#### EXERCISE REQUIREMENTS:
Output all of the records word for word and drop the images.

(Records from a data source)
================
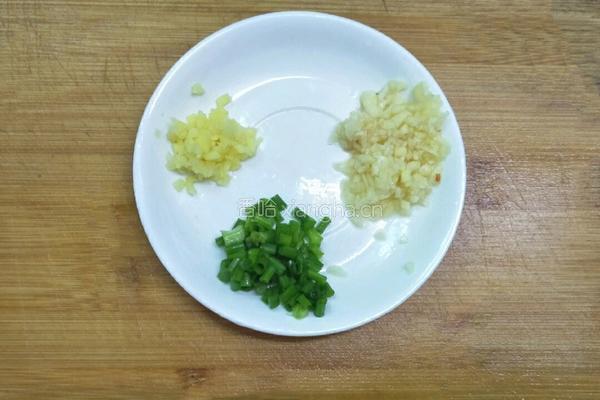 香焖酿豆腐的做法图解4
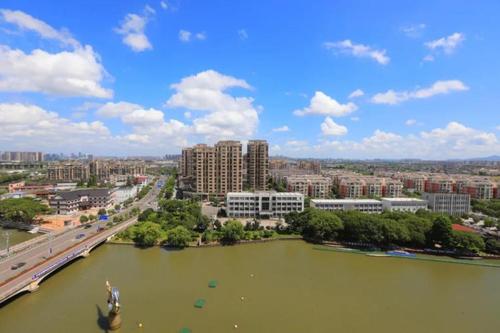 奉化区岳林街道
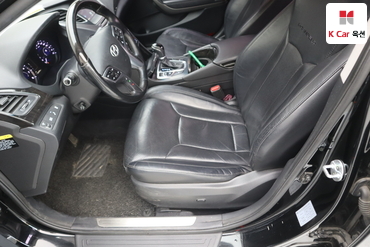 2016 - hyundai grandeur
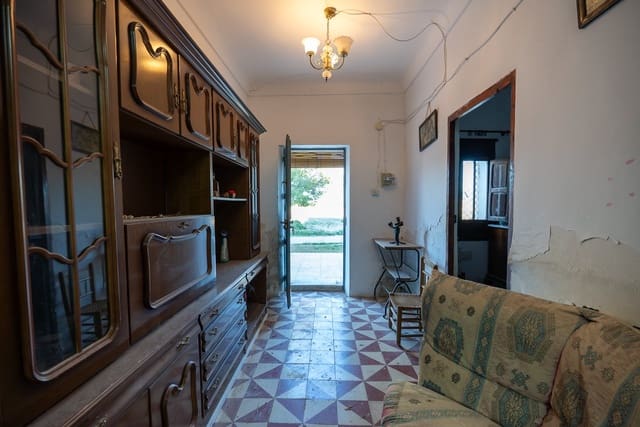 6 sypialnia Finka/Dom wiejski na sprzedaż w Jumilla z basenem - 254 900 € (Ref: 9646249)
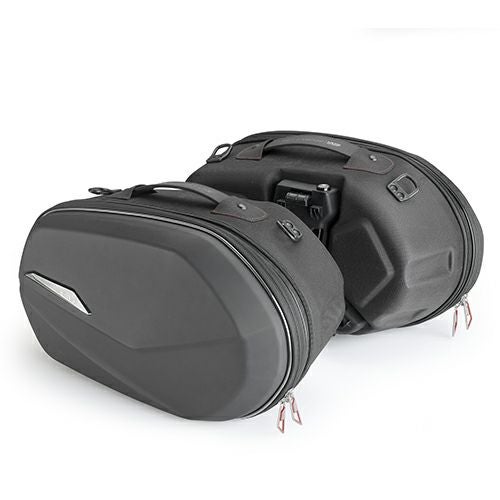 GIVI(ジビ) ST609+ EASYLOCK サイドバッグ左右セット | バイクカスタム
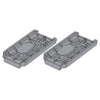 Yakima TrimHD Legs and Adapters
================
#### TASK ANSWER:
 香焖酿豆腐的做法图解4
 奉化区岳林街道
 2016 - hyundai grandeur
 6 sypialnia Finka/Dom wiejski na sprzedaż w Jumilla z basenem - 254 900 € (Ref: 9646249)
 GIVI(ジビ) ST609+ EASYLOCK サイドバッグ左右セット | バイクカスタム
 Yakima TrimHD Legs and Adapters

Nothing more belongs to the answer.